Finding meaning and purpose in life does not answer the questions of how the universe came to be.
< sound of crickets chirping >
Lack of belief can be accompanied by naming the conditions if any which would lead to belief. You see that here everyday on RF. Perhaps you know that the moderator in the debate between Ken Ham and Bill Nye on whether creationism is a viable scientific pursuit asked, “What would change your minds?” Scientist Bill Nye answered, “Evidence.” Young Earth Creationist Ken Ham answered, “Nothing. I'm a Christian.” Nye is giving you the conditions
< sound of a pin dropping in the next room >
And I notice that you failed to rebut that claim as well. It still remains plausible and unrebutted that "the limitations of your imagination do not limit what is possible." Nor did you rebut (or even acknowledge) that you've likely said in the past, "Maybe, but I'm not convinced," nor address its implications for your claim.

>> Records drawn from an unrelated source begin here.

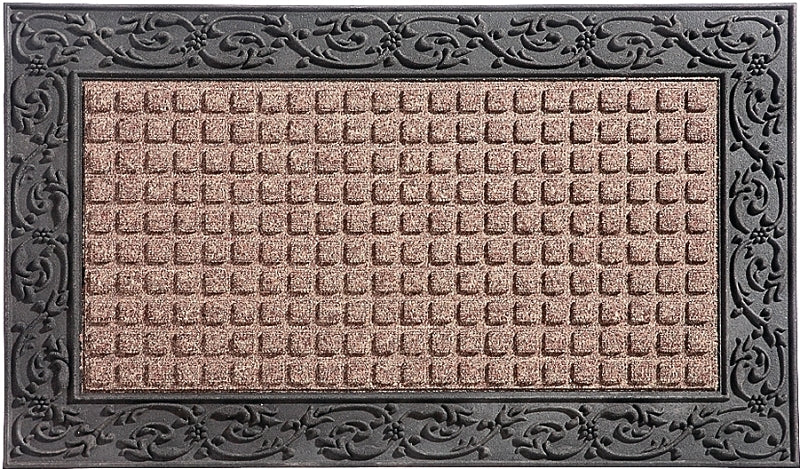 Simple Spaces 08ABSHE-30 Door Mat, 36 in L, 22 in W, Non-Woven Surface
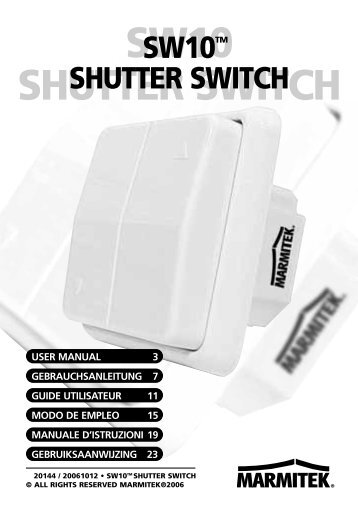 SW10 SHUTTER SWITCH - Files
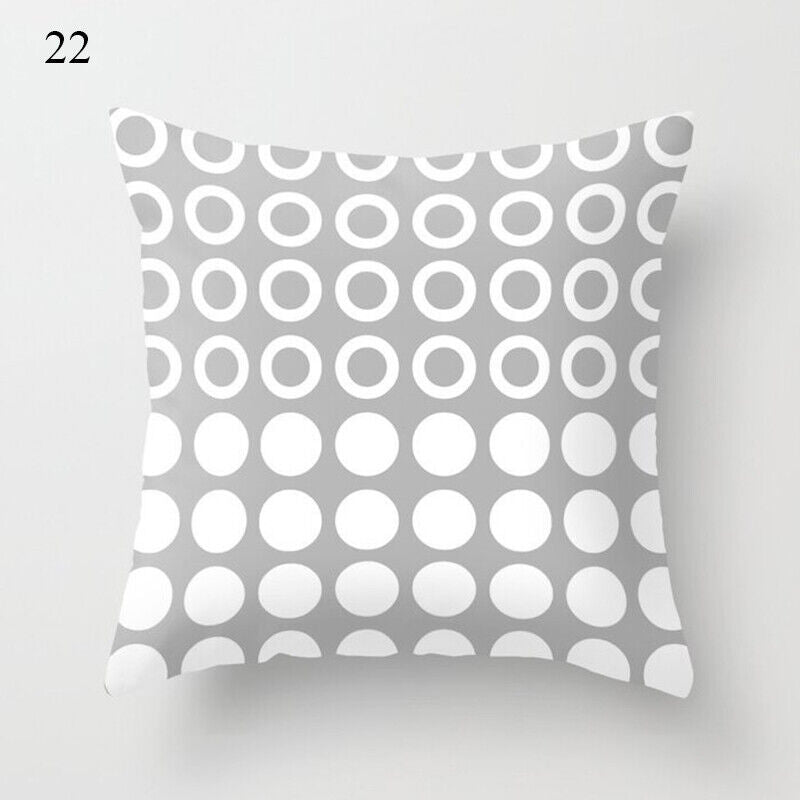 18" Cushion Cover Pillow Case Home Sofa Decor Pillowslip Waist Pillow Cover Soft zavevo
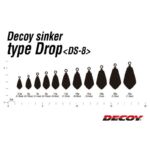 Kép 2/3 - Decoy DS-8 Sinker Type Drop 11 gr drop shot ólom 5 db/csg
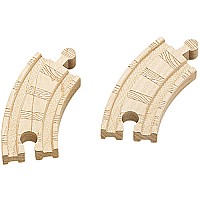 3.5" Curved Track - 4 pieces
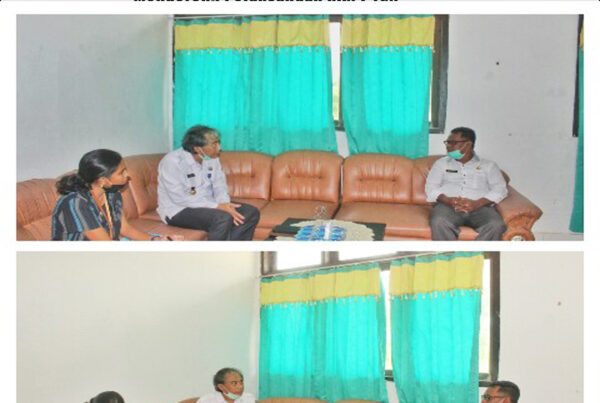 Kepala BNNK Rote Ndao Melakukan Koordinasi dengan Kepala Kantor Kesbangpol Kabupaten Rote Ndao Terkait Implementasi Inpres Nomor 2 Tahun 2020
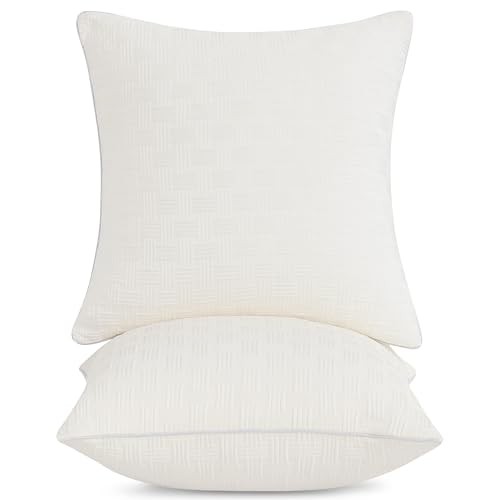 20x20 Pillow Inserts Set of 2 - Soft and Fluffy Square 20x20 Inch (Pack of 2)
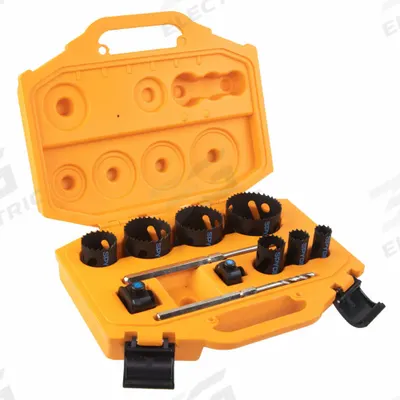 SPYDER Hole Saw Kit: 11 Pieces, 1 7/8 in Max. Cutting Dp, Bi-Metal - Multi-Material-Cutting Hole Saw Kits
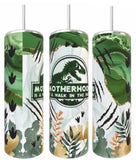 Dinosaur Mother Hood Tumbler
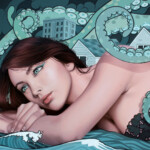 Sarah Joncas, “Calm amongst the storm”, oil and acrylic on panel,16 x 20 inches, $1900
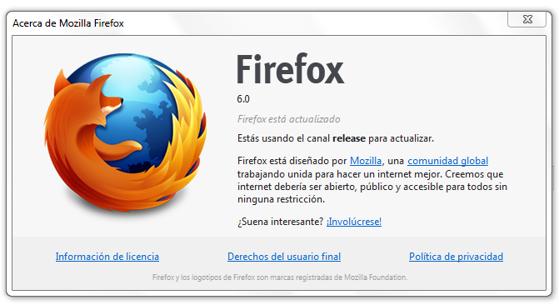 Descargar Firefox 6.0 oficial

< sound of a coyote faintly baying on a distant mountaintop >
I can't emphasize to you enough that when you're playing on the critical thinker's field, your comments are assessed by them according to their rules, not yours. If you can't rebut those statements, the debate is over and the matter resolved. It doesn't matter that you don't agree. You're playing by rules the critical thinker rejects and vice versa. You reject his rules and the sound conclusions they generate. I suspect that you believe that the matter is unresolved, and that your rebutted claim is still tenable and arguable in the minds of your collocutors when it is not. You're repeating claims that have been dispatched with already, like a clearly guilty inmate who keeps insisting that he is innocent in the face of compelling forensic evidence that he is not. The matter is considered settled unless he can produce a rebuttal from prison leading to a vacating of his conviction. Nobody's listening to his claims of innocence any more. Same here.
< sound of a distant, barely audible ship's whistle through the fog with a buoy clanging >
It was an argument from pure reason. No evidence beyond the existence of life is relevant to the argument. And you didn't answer it. As I said, the debate ended then. It doesn't matter to the critical thinker that you can't seem to remember what you have read, or else didn't understand it, or don't accept those rules.
No it wasn't. It was a blind guess.
Oh look. Something you didn't completely ignore! Of course, not being rebuttal, this is pointless and impotent to persuade. To rebut you'd need to demonstrate a fallacy in the argument. You haven't because you can't because the argument is sound and therefore correct and unassailable. The issue has been settled even if you don't see that or agree.
You're projecting you own inflexibility onto others that can do that successfully. It's really rather easy to know what everybody is talking about however they define words as long as we know what they mean when they use the word. It's as easy as translating a language.